Stored data entries:
+ + + +

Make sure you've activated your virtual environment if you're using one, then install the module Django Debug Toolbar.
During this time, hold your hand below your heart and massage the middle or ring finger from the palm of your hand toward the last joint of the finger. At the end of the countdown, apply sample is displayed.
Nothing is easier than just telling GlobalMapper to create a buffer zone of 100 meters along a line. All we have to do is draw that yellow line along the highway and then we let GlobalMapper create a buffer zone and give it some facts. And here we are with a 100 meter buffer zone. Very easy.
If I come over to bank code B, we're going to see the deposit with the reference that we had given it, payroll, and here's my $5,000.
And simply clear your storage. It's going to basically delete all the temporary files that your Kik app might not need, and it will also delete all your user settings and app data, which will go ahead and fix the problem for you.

+ + + +

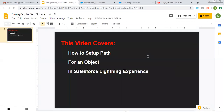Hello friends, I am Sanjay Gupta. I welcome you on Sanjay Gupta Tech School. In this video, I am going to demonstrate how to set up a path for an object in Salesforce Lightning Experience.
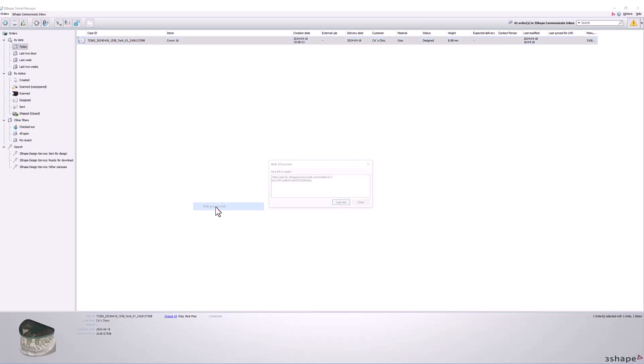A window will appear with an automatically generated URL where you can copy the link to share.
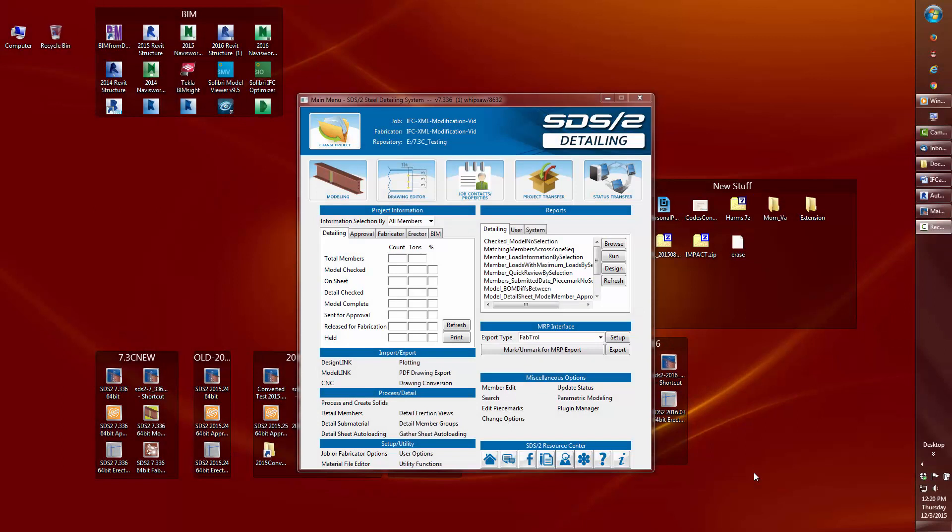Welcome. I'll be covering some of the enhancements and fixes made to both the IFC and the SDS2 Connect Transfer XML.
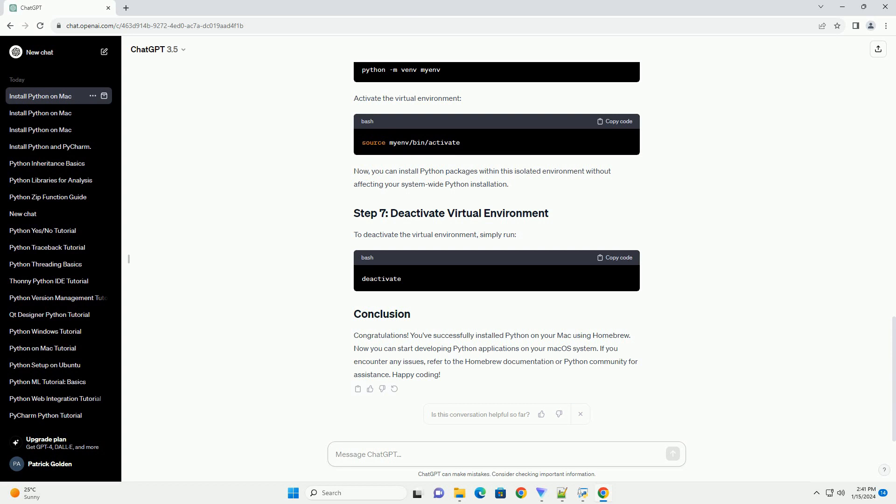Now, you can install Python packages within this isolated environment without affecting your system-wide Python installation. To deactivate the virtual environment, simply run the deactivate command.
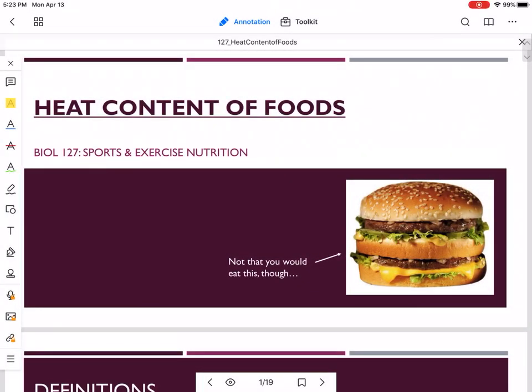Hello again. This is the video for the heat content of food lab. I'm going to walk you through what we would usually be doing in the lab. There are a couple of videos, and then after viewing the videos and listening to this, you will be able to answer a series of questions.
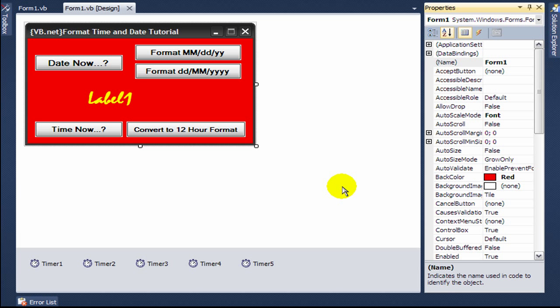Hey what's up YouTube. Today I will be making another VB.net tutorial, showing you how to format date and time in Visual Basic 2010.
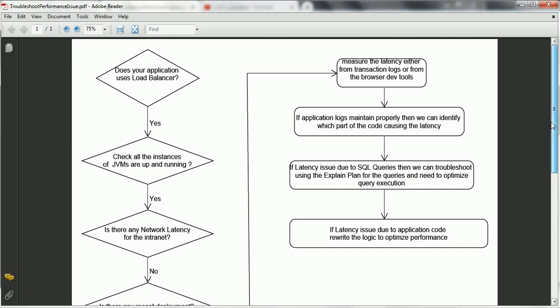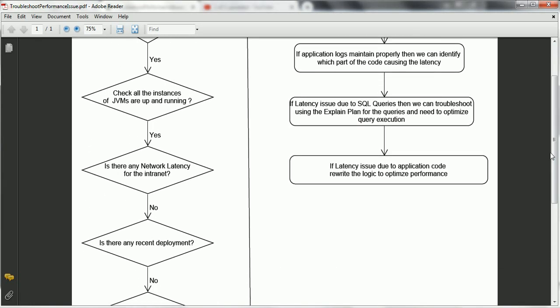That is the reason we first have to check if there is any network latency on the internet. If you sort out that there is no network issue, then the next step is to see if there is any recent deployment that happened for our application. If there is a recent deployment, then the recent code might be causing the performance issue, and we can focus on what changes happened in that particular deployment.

+ + + +

- **What is expected**: From the entries above, restate word for word the lines from the line containing "Make sure you've" to the line containing "And simply clear", both ends included, and nothing more.

- **Answer**:
Make sure you've activated your virtual environment if you're using one, then install the module Django Debug Toolbar.
During this time, hold your hand below your heart and massage the middle or ring finger from the palm of your hand toward the last joint of the finger. At the end of the countdown, apply sample is displayed.
Nothing is easier than just telling GlobalMapper to create a buffer zone of 100 meters along a line. All we have to do is draw that yellow line along the highway and then we let GlobalMapper create a buffer zone and give it some facts. And here we are with a 100 meter buffer zone. Very easy.
If I come over to bank code B, we're going to see the deposit with the reference that we had given it, payroll, and here's my $5,000.
And simply clear your storage. It's going to basically delete all the temporary files that your Kik app might not need, and it will also delete all your user settings and app data, which will go ahead and fix the problem for you.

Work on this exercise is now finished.